> _Data shown_:
========================

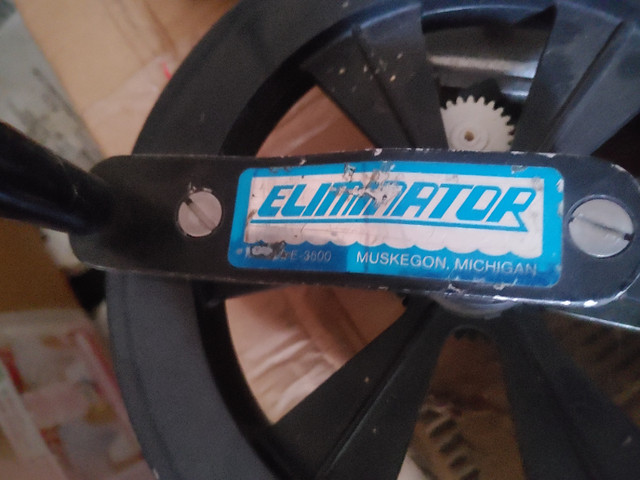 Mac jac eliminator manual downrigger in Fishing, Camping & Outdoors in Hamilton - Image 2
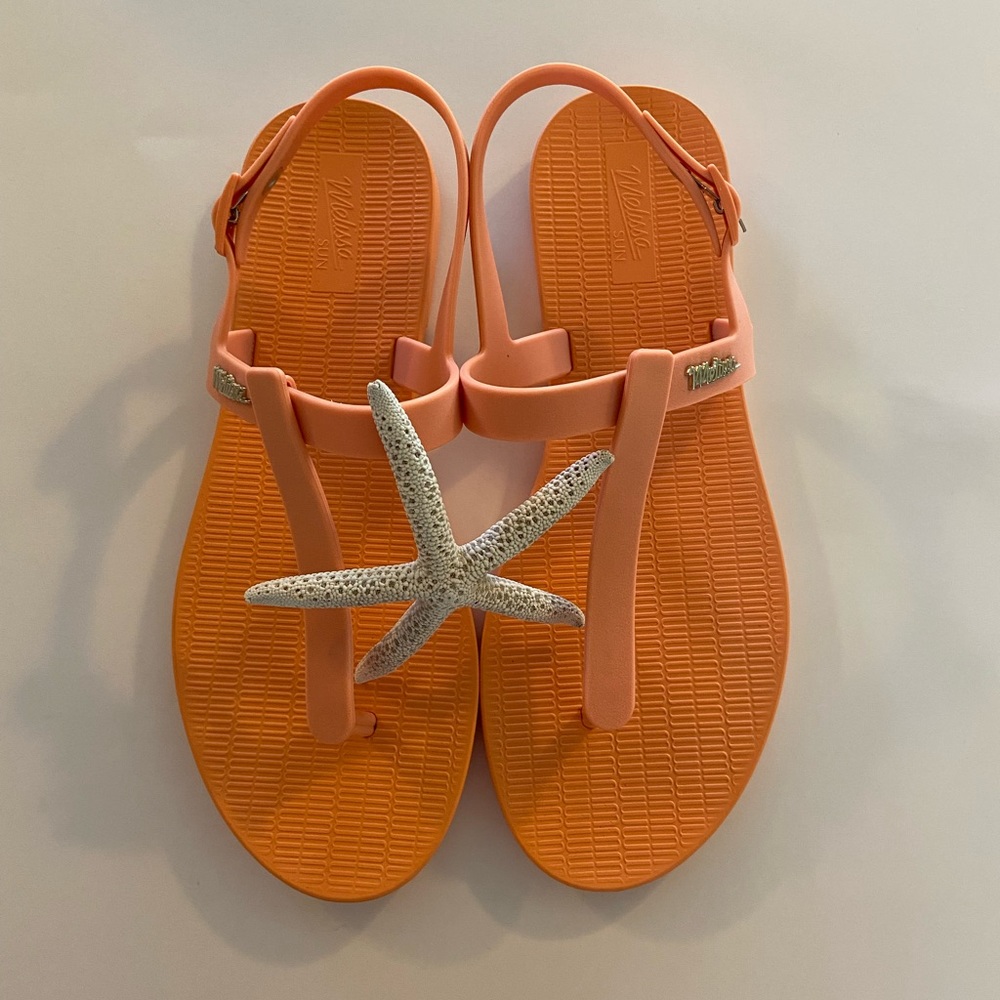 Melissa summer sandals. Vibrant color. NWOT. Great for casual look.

========================

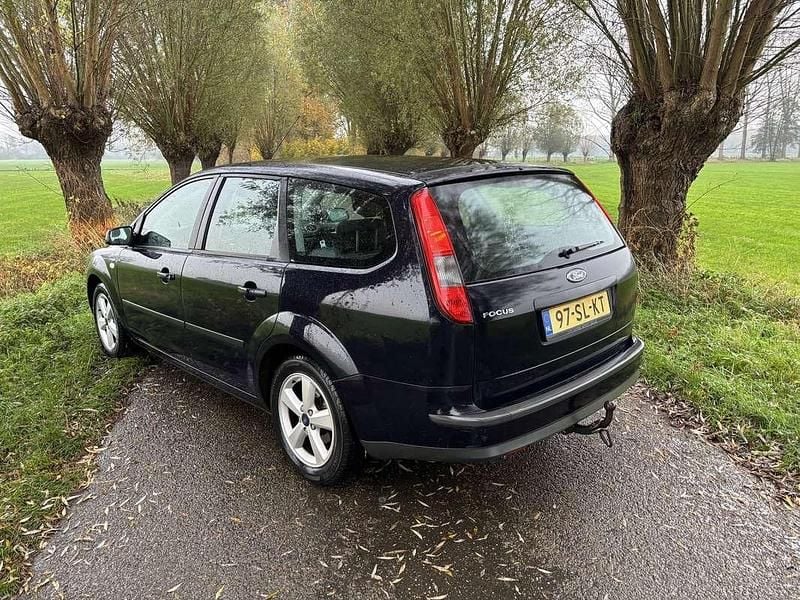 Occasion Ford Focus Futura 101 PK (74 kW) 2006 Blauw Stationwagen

========================

> _Work to be completed_: Repeat only the stretch of data above that runs from the line with "Mac jac eliminator" to the line with "Melissa summer sandals.". Keep both end lines; exclude pictures.

> _Exercise answer_:
 Mac jac eliminator manual downrigger in Fishing, Camping & Outdoors in Hamilton - Image 2
 Melissa summer sandals. Vibrant color. NWOT. Great for casual look.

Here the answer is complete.